▶ [Activity] An exact copy of all entries is the expected answer.

▶ [Material to process]

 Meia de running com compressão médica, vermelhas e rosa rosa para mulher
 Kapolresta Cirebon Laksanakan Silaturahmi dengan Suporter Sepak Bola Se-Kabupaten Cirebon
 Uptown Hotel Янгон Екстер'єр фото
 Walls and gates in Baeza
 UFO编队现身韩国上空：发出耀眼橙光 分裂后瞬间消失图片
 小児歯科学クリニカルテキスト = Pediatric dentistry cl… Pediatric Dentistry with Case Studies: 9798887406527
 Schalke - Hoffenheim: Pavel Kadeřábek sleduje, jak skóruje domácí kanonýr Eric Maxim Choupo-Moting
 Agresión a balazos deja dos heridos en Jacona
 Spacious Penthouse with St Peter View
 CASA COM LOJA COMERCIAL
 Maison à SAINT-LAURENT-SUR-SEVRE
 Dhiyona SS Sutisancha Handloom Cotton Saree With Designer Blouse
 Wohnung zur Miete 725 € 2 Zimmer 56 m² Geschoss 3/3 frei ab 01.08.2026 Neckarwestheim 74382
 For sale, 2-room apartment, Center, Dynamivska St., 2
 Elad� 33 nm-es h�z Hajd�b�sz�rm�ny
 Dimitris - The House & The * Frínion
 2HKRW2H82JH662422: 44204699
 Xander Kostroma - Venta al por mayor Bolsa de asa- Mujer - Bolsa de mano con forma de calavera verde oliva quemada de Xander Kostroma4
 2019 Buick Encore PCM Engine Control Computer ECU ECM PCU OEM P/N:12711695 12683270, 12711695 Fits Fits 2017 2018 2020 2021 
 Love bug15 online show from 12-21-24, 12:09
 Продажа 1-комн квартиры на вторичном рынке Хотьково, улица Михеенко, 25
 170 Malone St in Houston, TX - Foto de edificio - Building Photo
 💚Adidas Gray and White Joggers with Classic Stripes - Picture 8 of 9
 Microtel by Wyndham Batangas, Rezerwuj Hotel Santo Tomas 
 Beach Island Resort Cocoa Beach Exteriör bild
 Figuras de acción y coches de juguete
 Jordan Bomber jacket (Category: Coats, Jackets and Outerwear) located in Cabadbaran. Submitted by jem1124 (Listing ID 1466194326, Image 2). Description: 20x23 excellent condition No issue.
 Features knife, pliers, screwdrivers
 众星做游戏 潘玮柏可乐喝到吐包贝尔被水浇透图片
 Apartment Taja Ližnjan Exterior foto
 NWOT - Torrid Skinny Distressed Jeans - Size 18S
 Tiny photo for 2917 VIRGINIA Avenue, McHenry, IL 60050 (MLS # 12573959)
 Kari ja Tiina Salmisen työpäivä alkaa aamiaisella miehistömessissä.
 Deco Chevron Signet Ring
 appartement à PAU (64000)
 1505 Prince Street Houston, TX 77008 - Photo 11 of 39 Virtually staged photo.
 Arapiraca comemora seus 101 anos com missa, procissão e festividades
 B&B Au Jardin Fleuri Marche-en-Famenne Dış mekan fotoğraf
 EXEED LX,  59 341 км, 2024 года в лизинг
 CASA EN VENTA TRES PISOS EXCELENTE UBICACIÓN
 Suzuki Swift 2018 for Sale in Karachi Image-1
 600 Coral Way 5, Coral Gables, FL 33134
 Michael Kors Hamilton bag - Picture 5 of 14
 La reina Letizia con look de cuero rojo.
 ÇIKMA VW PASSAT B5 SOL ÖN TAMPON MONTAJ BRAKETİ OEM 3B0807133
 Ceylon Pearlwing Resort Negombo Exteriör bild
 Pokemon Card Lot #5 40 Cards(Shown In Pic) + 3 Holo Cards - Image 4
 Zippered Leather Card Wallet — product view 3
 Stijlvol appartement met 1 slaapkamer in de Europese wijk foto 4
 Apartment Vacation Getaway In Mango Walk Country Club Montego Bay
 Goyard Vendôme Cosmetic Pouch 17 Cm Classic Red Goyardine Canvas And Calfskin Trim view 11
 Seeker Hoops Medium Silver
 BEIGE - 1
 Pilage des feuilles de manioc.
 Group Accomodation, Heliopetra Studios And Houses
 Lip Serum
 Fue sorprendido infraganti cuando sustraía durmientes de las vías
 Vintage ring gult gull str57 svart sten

▶ [Response for this exercise]
 Meia de running com compressão médica, vermelhas e rosa rosa para mulher
 Kapolresta Cirebon Laksanakan Silaturahmi dengan Suporter Sepak Bola Se-Kabupaten Cirebon
 Uptown Hotel Янгон Екстер'єр фото
 Walls and gates in Baeza
 UFO编队现身韩国上空：发出耀眼橙光 分裂后瞬间消失图片
 小児歯科学クリニカルテキスト = Pediatric dentistry cl… Pediatric Dentistry with Case Studies: 9798887406527
 Schalke - Hoffenheim: Pavel Kadeřábek sleduje, jak skóruje domácí kanonýr Eric Maxim Choupo-Moting
 Agresión a balazos deja dos heridos en Jacona
 Spacious Penthouse with St Peter View
 CASA COM LOJA COMERCIAL
 Maison à SAINT-LAURENT-SUR-SEVRE
 Dhiyona SS Sutisancha Handloom Cotton Saree With Designer Blouse
 Wohnung zur Miete 725 € 2 Zimmer 56 m² Geschoss 3/3 frei ab 01.08.2026 Neckarwestheim 74382
 For sale, 2-room apartment, Center, Dynamivska St., 2
 Elad� 33 nm-es h�z Hajd�b�sz�rm�ny
 Dimitris - The House & The * Frínion
 2HKRW2H82JH662422: 44204699
 Xander Kostroma - Venta al por mayor Bolsa de asa- Mujer - Bolsa de mano con forma de calavera verde oliva quemada de Xander Kostroma4
 2019 Buick Encore PCM Engine Control Computer ECU ECM PCU OEM P/N:12711695 12683270, 12711695 Fits Fits 2017 2018 2020 2021 
 Love bug15 online show from 12-21-24, 12:09
 Продажа 1-комн квартиры на вторичном рынке Хотьково, улица Михеенко, 25
 170 Malone St in Houston, TX - Foto de edificio - Building Photo
 💚Adidas Gray and White Joggers with Classic Stripes - Picture 8 of 9
 Microtel by Wyndham Batangas, Rezerwuj Hotel Santo Tomas 
 Beach Island Resort Cocoa Beach Exteriör bild
 Figuras de acción y coches de juguete
 Jordan Bomber jacket (Category: Coats, Jackets and Outerwear) located in Cabadbaran. Submitted by jem1124 (Listing ID 1466194326, Image 2). Description: 20x23 excellent condition No issue.
 Features knife, pliers, screwdrivers
 众星做游戏 潘玮柏可乐喝到吐包贝尔被水浇透图片
 Apartment Taja Ližnjan Exterior foto
 NWOT - Torrid Skinny Distressed Jeans - Size 18S
 Tiny photo for 2917 VIRGINIA Avenue, McHenry, IL 60050 (MLS # 12573959)
 Kari ja Tiina Salmisen työpäivä alkaa aamiaisella miehistömessissä.
 Deco Chevron Signet Ring
 appartement à PAU (64000)
 1505 Prince Street Houston, TX 77008 - Photo 11 of 39 Virtually staged photo.
 Arapiraca comemora seus 101 anos com missa, procissão e festividades
 B&B Au Jardin Fleuri Marche-en-Famenne Dış mekan fotoğraf
 EXEED LX,  59 341 км, 2024 года в лизинг
 CASA EN VENTA TRES PISOS EXCELENTE UBICACIÓN
 Suzuki Swift 2018 for Sale in Karachi Image-1
 600 Coral Way 5, Coral Gables, FL 33134
 Michael Kors Hamilton bag - Picture 5 of 14
 La reina Letizia con look de cuero rojo.
 ÇIKMA VW PASSAT B5 SOL ÖN TAMPON MONTAJ BRAKETİ OEM 3B0807133
 Ceylon Pearlwing Resort Negombo Exteriör bild
 Pokemon Card Lot #5 40 Cards(Shown In Pic) + 3 Holo Cards - Image 4
 Zippered Leather Card Wallet — product view 3
 Stijlvol appartement met 1 slaapkamer in de Europese wijk foto 4
 Apartment Vacation Getaway In Mango Walk Country Club Montego Bay
 Goyard Vendôme Cosmetic Pouch 17 Cm Classic Red Goyardine Canvas And Calfskin Trim view 11
 Seeker Hoops Medium Silver
 BEIGE - 1
 Pilage des feuilles de manioc.
 Group Accomodation, Heliopetra Studios And Houses
 Lip Serum
 Fue sorprendido infraganti cuando sustraía durmientes de las vías
 Vintage ring gult gull str57 svart sten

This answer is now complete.